BY KAREN BOSSICK
Vessels occupy the focal point of many of Rana Rochat’s encaustic works.
Some look empty. Some have contents spilling out of them.
It’s up to viewers to determine what the symbols mean, as it’s up to viewers to make sense of seed-like oval forms, egg-like sketches and markings that look like bits of string.
Rochat says they’re part of her language—“a spontaneous spitting out,” if you will.
”Their primary focus is on rhythm and cadence that I try to convey through color, line and forms. As such, they are purely expressive or lyrical, not narrative. My paintings are there to let the mind of viewer run free and float through colors and patterns, moods and emotions,” she said.
Rochat has shown her work at Gail Severn Gallery for more than a dozen years. This month she has a solo exhibition that is bright and colorful—a harbinger of spring. The works will be on display during Friday’s Gallery Walk from 5 to 8 p.m. Friday, Feb. 16, at the gallery, 400 First Avenue North in Ketchum.
All are singular pieces, in contrast with the diptyches she did in the past.
“They’re more playful, colorful. Fun and bright. Pinks and oranges. They feel like spring,” said Gallery owner Gail Severn.
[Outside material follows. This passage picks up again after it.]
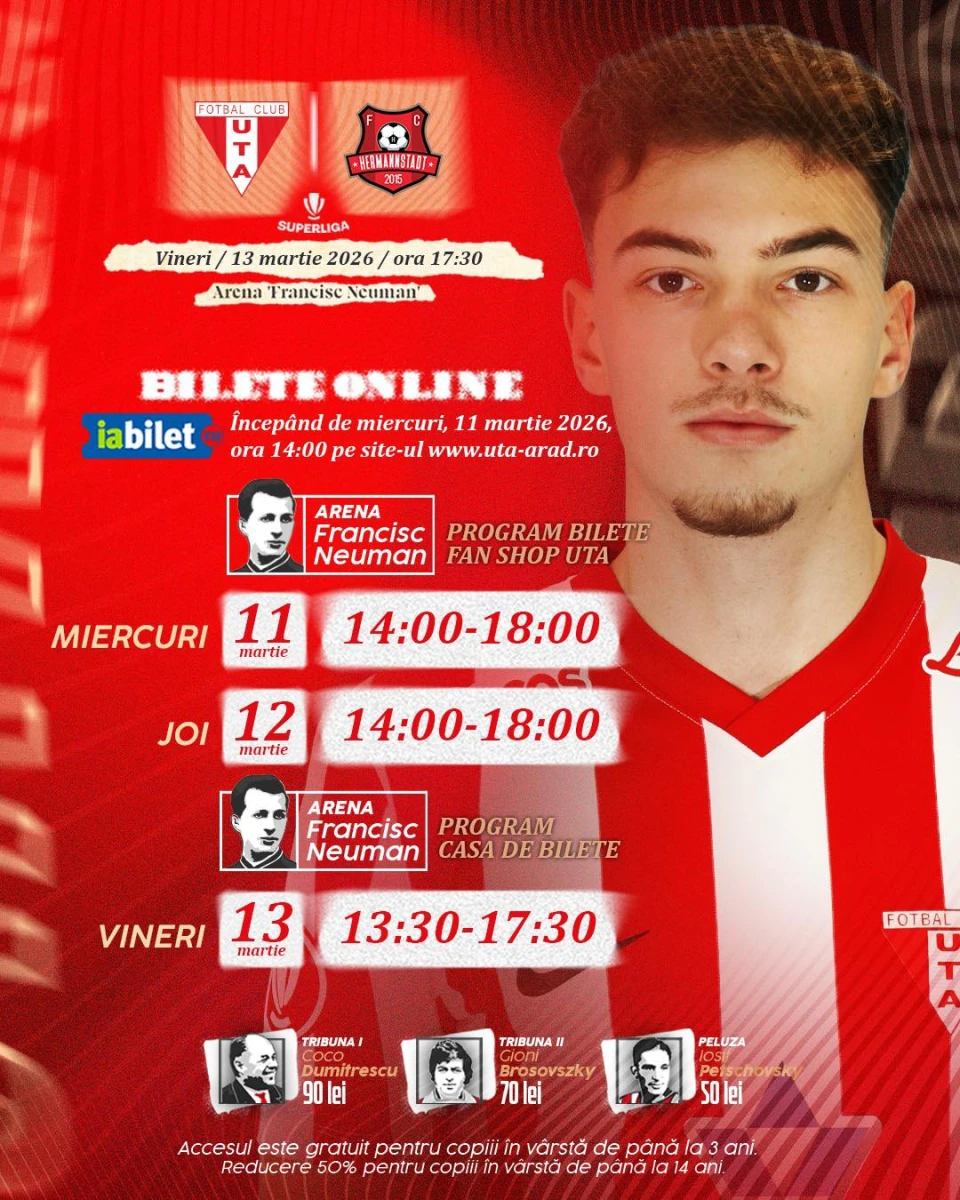 UTA a pus în vânzare biletele pentru meciul cu FC Hermannstadt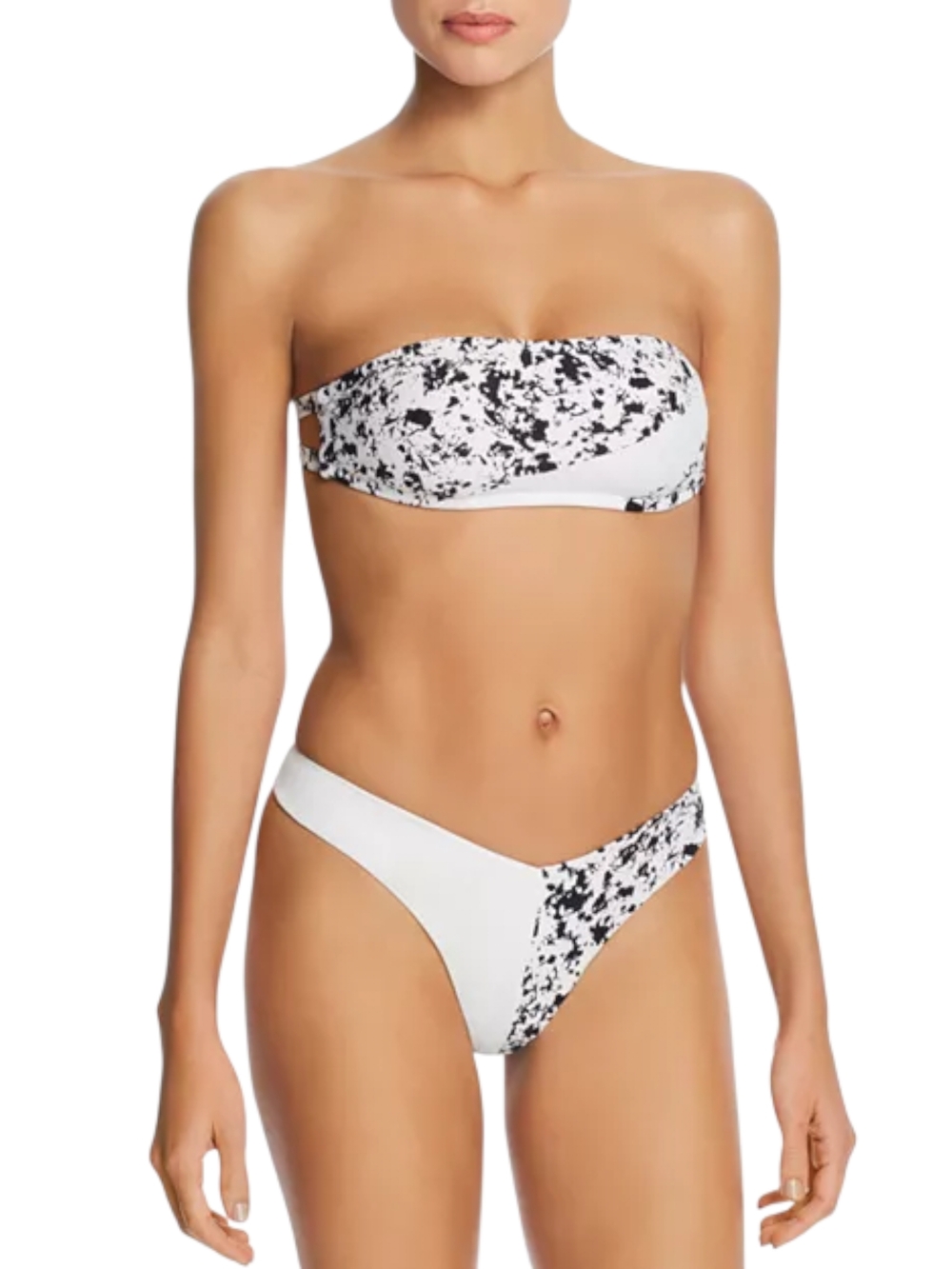 NWT Onia Swim White Black Speckle Reversible Cheeky V Bikini Bottom Small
The Memphis-born Rochat studied printmaking and painting at the Rhode Island School of Design, then headed to New York where she began designing and selling T-shirts on the street. Soon she found herself wholesaling to stores in New York and Japan—her T-shirt business so time consuming that she couldn’t get any painting done.
She finally put her foot down and asked a Japanese man who had been licensing her designs not to call her for a year.
Rochat spent that year working on paintings and, by the time he called her again, she was immersed in a new career as a fine artist whose works would go on to be shown in such venues as the San Francisco International Art Exposition and the Jacksonville Museum of Modern Art in Jacksonville, Fla.
Her early work incorporated literal images of tree, flowers and other botanicals.
Then Rana changed to encaustic, an ancient technique of painting with warm wax to which pigment had been added.
That led her away from realistic art to more mark-making with its motifs of circles, loops and spirals. She made a deliberate choice to stop showing everything—hence, the markings that evoke thoughts of butterflies and flowers without claiming to be.
“I love encaustic—the sensuality and lusciousness. And her use of color—it’s really wonderful,” said Severn.
Rochat works on wood panel. But she also works on paper.
“Paper is very difficult to work on, but she does and she’s one of the few who does,” said Severn.